Audit of Officer-Involved Shootings Commends Police Bureau for Transparency - Shows Improvement

Portland Police Badge
Portland Police Badge

July 10, 2013 13:30


The Portland Police Bureau thanks City Auditor LaVonne Griffin-Valade and the OIR Group for the thorough and professional review of its officer involved shooting investigations reviews. The Group continues to provide the Bureau with thoughtful and constructive recommendations as well as highlighting the challenges that critical incidents present to the men and women of the Police Bureau.

OIR acknowledged that the Portland Police Bureau has made most of the recommended improvements on its own in the years following the reviewed incidents.

During the past several years, the Portland Police Bureau has made significant and numerous changes to its policies, procedures, and training, especially in the areas of force and discipline. It has made changes in the way it investigates use of force and in-custody deaths, and continues to work toward streamlining the effectiveness and timeliness of its review process.

In particular, the Portland Police Bureau has implemented the following:

* Required all sworn members to attend a standardized In-Service training that emphasizes skills necessary to safely and effectively perform patrol functions with a minimal reliance on force. This ensures that patrol function skills are kept current and do not perish when members move to specialized assignments.

* Require all uses of force (or complaints of use of force) by members to be documented and investigated by a supervisor at the time of their occurrence. This investigation is reviewed by the involved member's Lieutenant, Captain or Commander, and the Branch Assistant Chief.

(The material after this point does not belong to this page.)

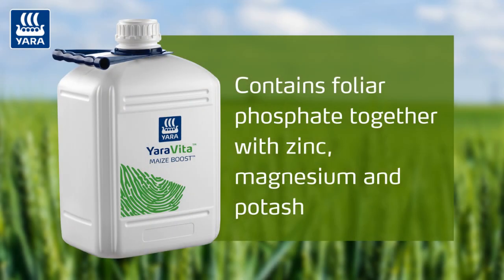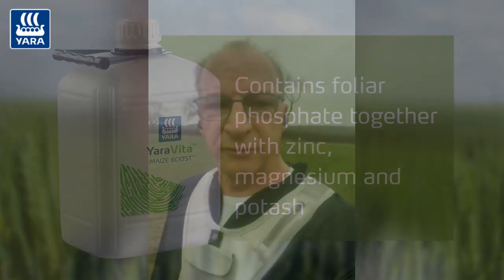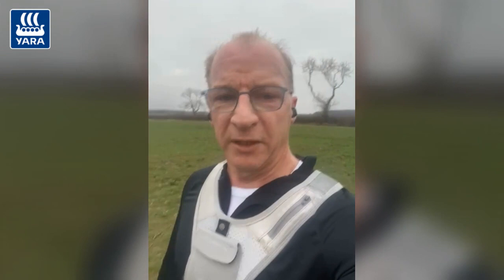Now if you didn't get that on, now is the time. It's going to supply that folio-phosphate and zinc into the plant, ready for really kicking off spring growth and keeping the plant health in good condition. That's what we want to be thinking about right now, sort of T0 timing as we approach that.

* Instituted a new Officer-Involved Shooting Review Process Standard Operating Procedure. This includes specific steps and criteria to ensure the officer-involved shooting reviews created by the Training Division staff accurately measure the involved member's performance against training received prior to the incident.

* Continued to train officers, supervisors and command officers to identify the clear legal standing and goal of a tactical incident, determine the necessary resources to accomplish the goal, and to make a plan to accomplish the goal with the least reliance on force possible.

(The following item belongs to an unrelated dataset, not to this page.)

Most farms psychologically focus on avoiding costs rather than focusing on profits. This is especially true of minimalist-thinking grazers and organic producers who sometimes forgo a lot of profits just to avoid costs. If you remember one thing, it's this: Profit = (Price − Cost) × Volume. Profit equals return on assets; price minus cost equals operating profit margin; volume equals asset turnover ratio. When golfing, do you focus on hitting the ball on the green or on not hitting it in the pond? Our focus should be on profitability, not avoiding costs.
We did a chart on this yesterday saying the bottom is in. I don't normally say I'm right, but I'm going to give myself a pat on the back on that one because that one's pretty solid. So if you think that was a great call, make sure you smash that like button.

* Trained officers, supervisors, command officers, and Critical Incident Commanders on the additional challenges, resources, and strategies to use when on an incident involving someone in a mental or behavioral health crisis.

* Provided training to new officers in the Advanced Academy, new sergeants in the Sergeant's Academy, and even new Fire Bureau supervisors on the need to preserve evidence at crime scenes while ensuring the dignity of the deceased.

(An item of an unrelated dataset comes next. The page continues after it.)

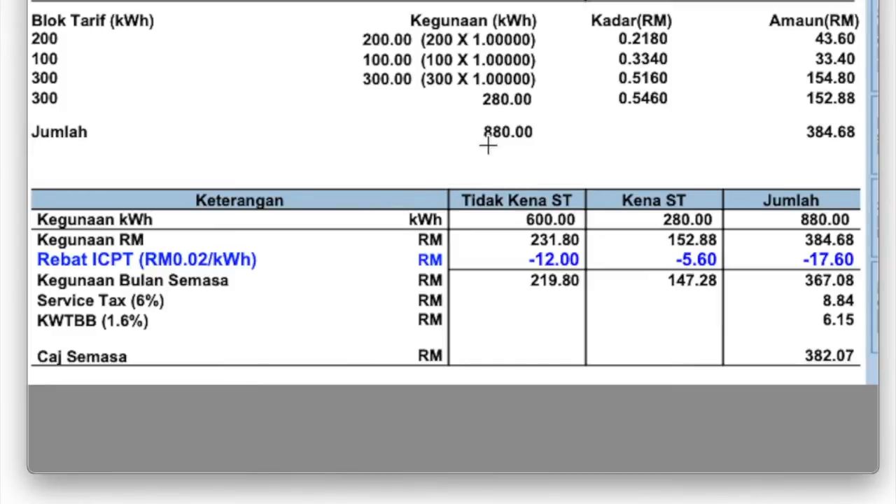The point to really note is how your bill comes to be in terms of usage. The total usage here is 880 kilowatt hours. Your pricing is tiered: for the first 200 kilowatt hours you only pay about 22 cents per kilowatt hour. The next 100 kilowatt hours is charged at 33 cents per kilowatt hour. After that, from 300 onwards, the price goes up to 50 plus cents and keeps varying — going higher for anything beyond the first 300 kilowatt hours.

* In 2011, the Bureau presented a crime scene management class at the "Sergeants In-service" training. In 2012, a crime scene management class, which covered officer-involved shootings, was presented at In-service training.

* Purchased and deployed ballistic shields in the trunks of the majority of supervisor patrol units in 2010 and has trained all officers on their location and use at in-service.

* During 2013 In-Service, the Taser Policy changes and content were instructed by Deputy City Attorneys in a classroom setting. Highly trained Taser Instructors taught the practical application of the changes. Scenarios involving the use of the Taser were also used to measure officers understanding of the policy, practical application, and proper use.

The Portland Police Bureau remains committed to continual improvement and transparency.